* [Exercise]: Write out exactly, please, every line from the beginning of the entries to the line holding "Sofá de canto", and no pictures.

* [Available data]:

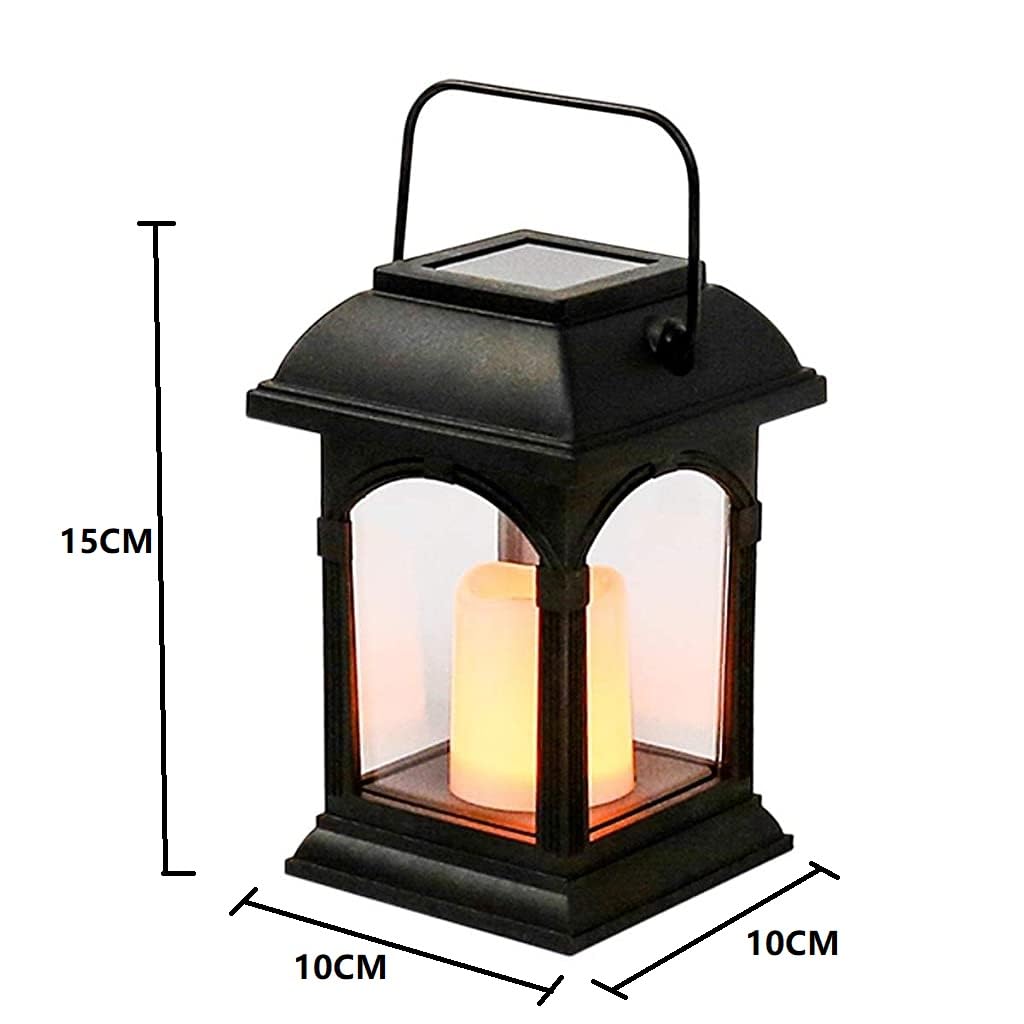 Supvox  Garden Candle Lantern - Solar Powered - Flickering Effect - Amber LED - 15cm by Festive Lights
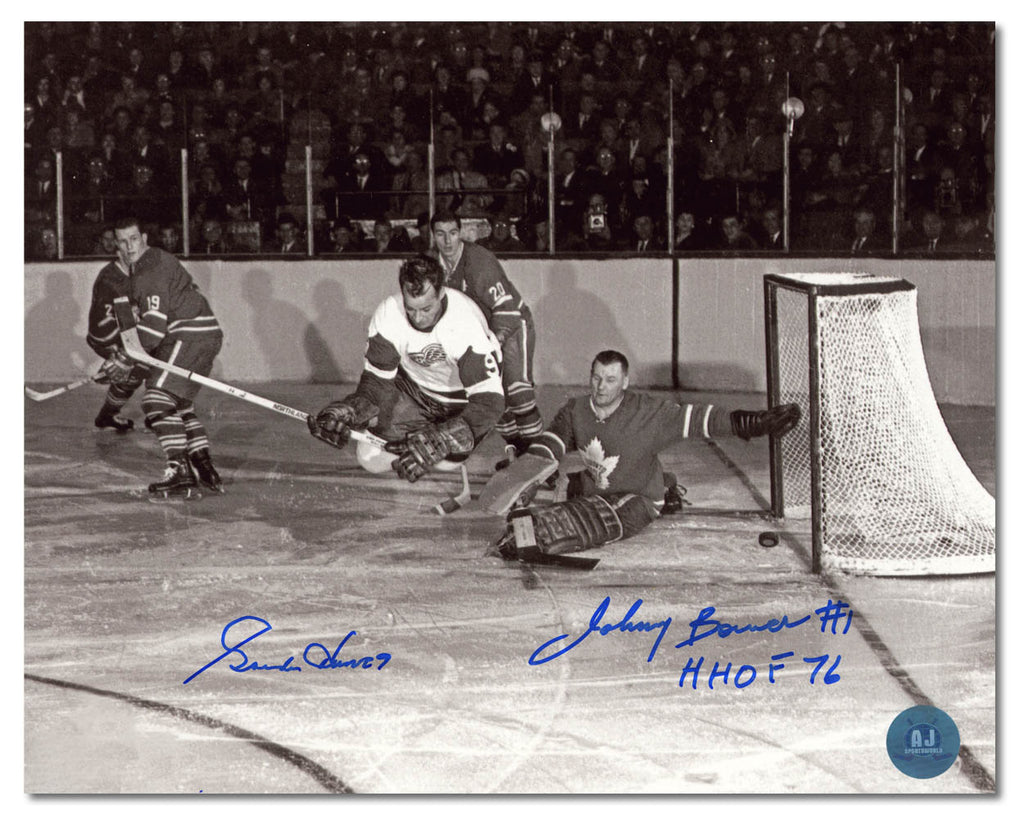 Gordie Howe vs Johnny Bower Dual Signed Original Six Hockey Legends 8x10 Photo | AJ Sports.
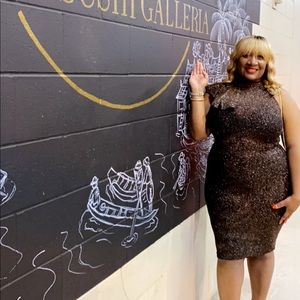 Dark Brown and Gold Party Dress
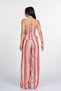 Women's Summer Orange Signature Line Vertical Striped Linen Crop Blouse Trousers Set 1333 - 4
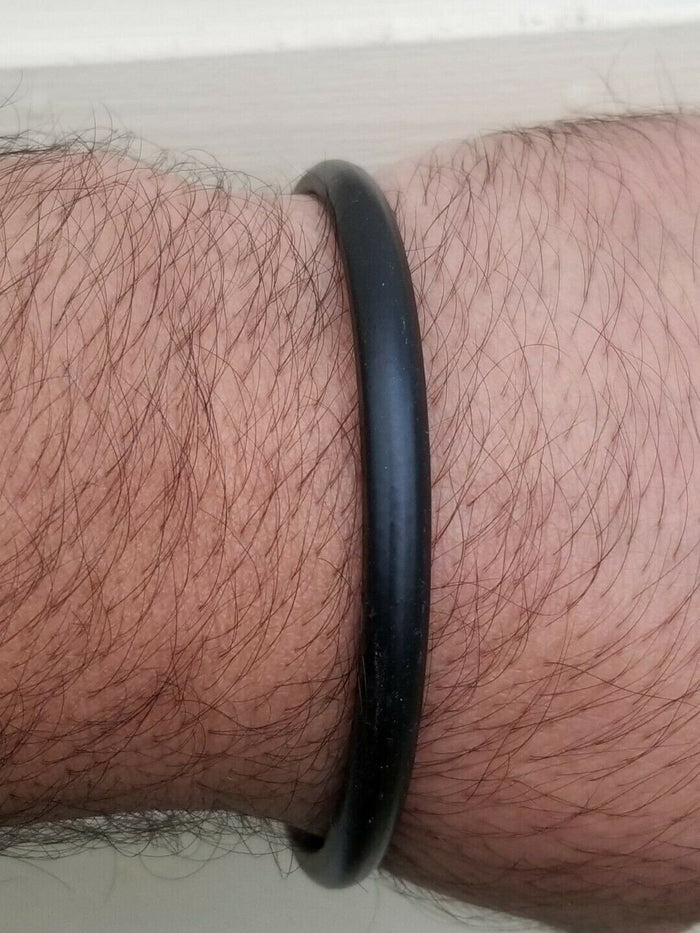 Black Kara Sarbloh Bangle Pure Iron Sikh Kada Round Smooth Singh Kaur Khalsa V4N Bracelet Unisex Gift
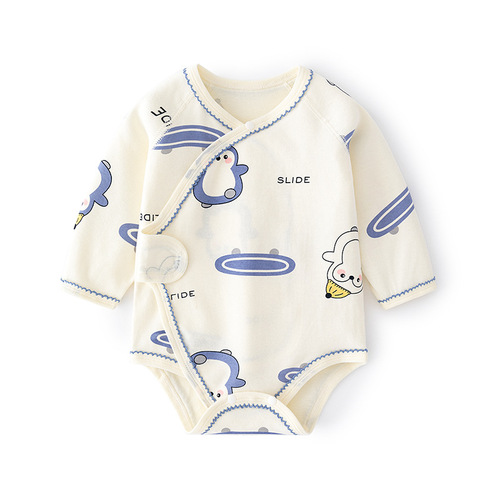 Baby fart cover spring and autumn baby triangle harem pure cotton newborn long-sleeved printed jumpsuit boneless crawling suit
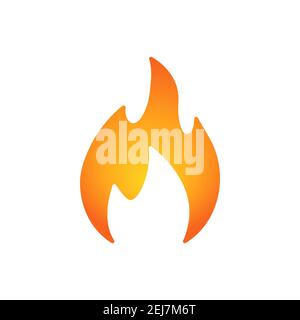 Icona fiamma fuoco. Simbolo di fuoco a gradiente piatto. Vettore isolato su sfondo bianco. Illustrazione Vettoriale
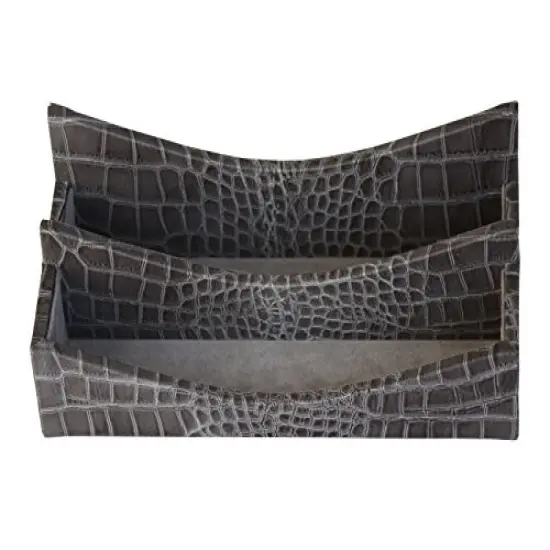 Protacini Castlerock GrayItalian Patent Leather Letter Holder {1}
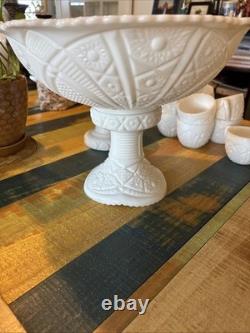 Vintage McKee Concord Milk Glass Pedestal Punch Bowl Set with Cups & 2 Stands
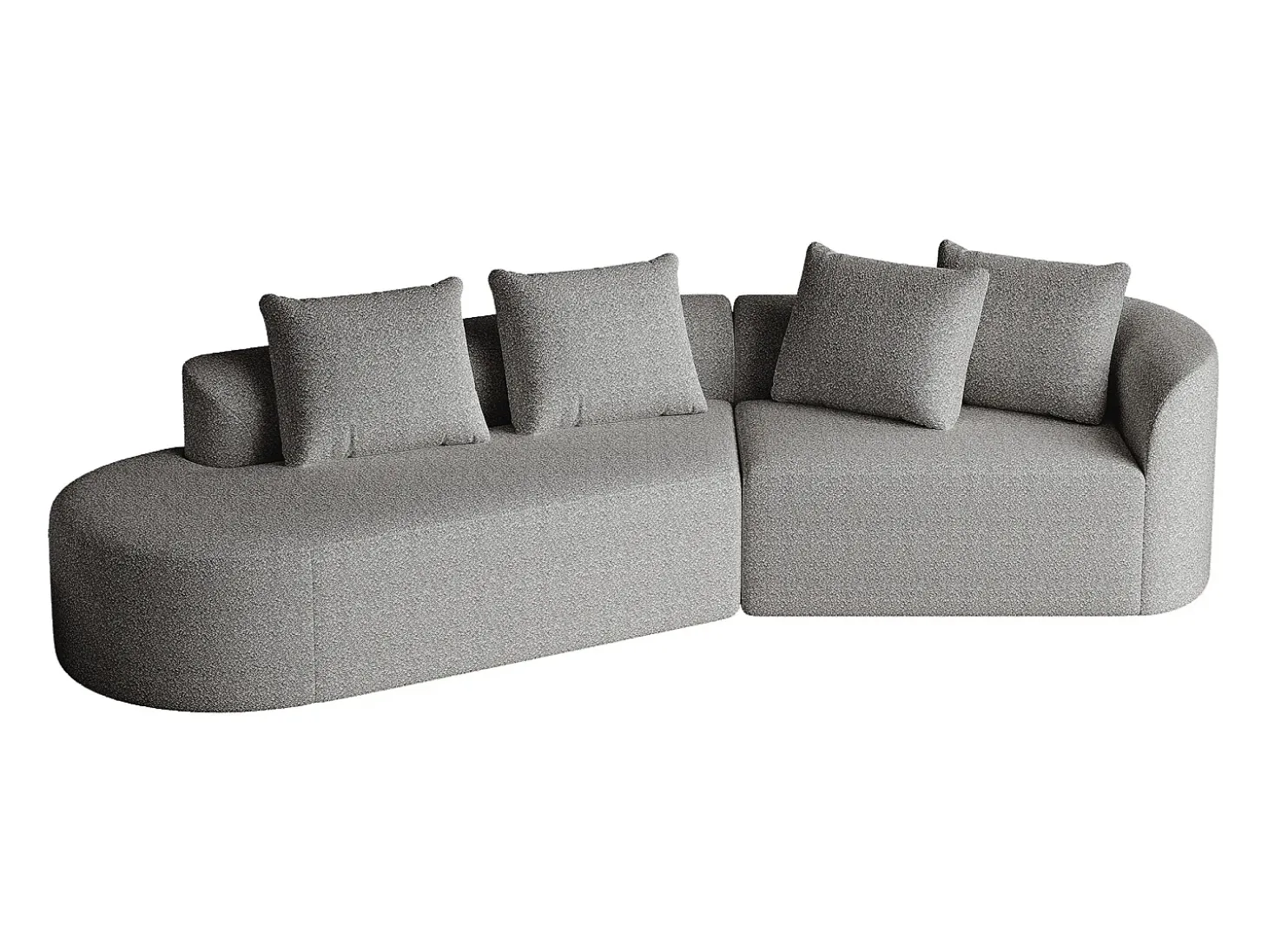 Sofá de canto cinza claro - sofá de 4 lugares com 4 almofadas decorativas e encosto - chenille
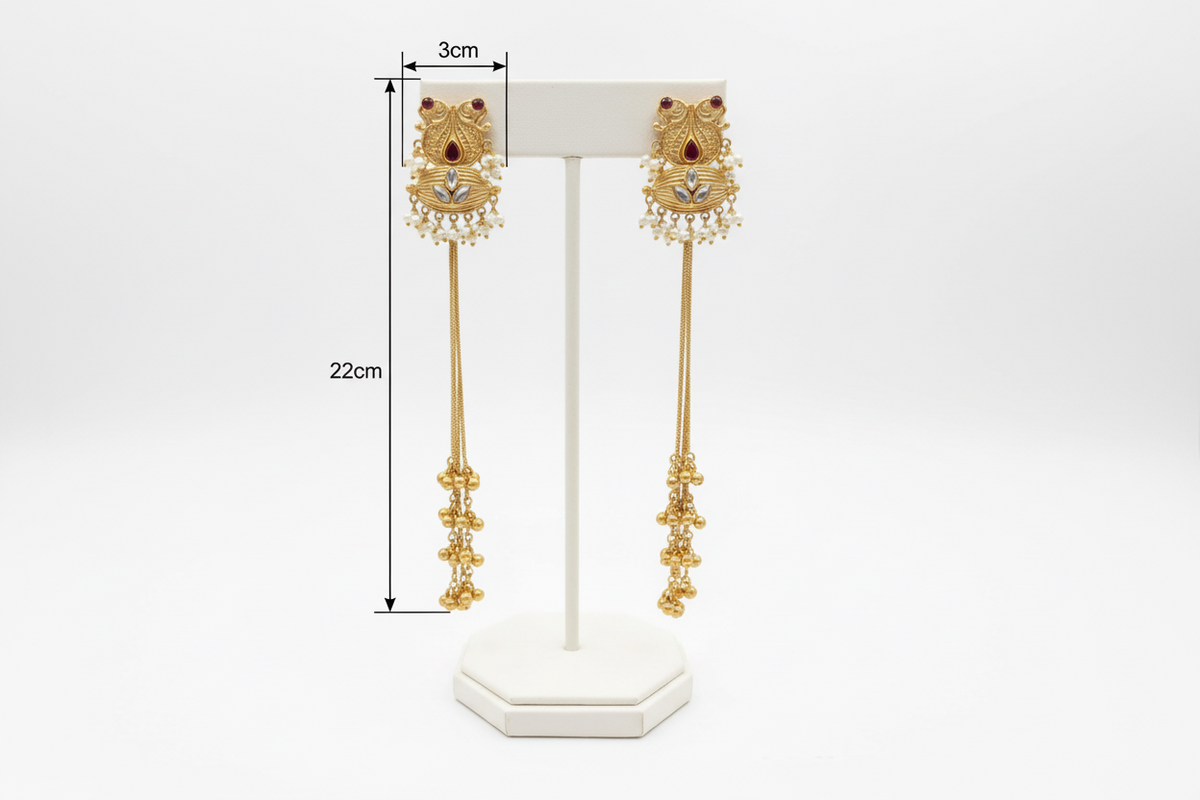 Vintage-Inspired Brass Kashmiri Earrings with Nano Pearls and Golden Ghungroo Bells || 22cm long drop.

* [Solution for this problem]:
 Supvox  Garden Candle Lantern - Solar Powered - Flickering Effect - Amber LED - 15cm by Festive Lights
 Gordie Howe vs Johnny Bower Dual Signed Original Six Hockey Legends 8x10 Photo | AJ Sports.
 Dark Brown and Gold Party Dress
 Women's Summer Orange Signature Line Vertical Striped Linen Crop Blouse Trousers Set 1333 - 4
 Black Kara Sarbloh Bangle Pure Iron Sikh Kada Round Smooth Singh Kaur Khalsa V4N Bracelet Unisex Gift
 Baby fart cover spring and autumn baby triangle harem pure cotton newborn long-sleeved printed jumpsuit boneless crawling suit
 Icona fiamma fuoco. Simbolo di fuoco a gradiente piatto. Vettore isolato su sfondo bianco. Illustrazione Vettoriale
 Protacini Castlerock GrayItalian Patent Leather Letter Holder {1}
 Vintage McKee Concord Milk Glass Pedestal Punch Bowl Set with Cups & 2 Stands
 Sofá de canto cinza claro - sofá de 4 lugares com 4 almofadas decorativas e encosto - chenille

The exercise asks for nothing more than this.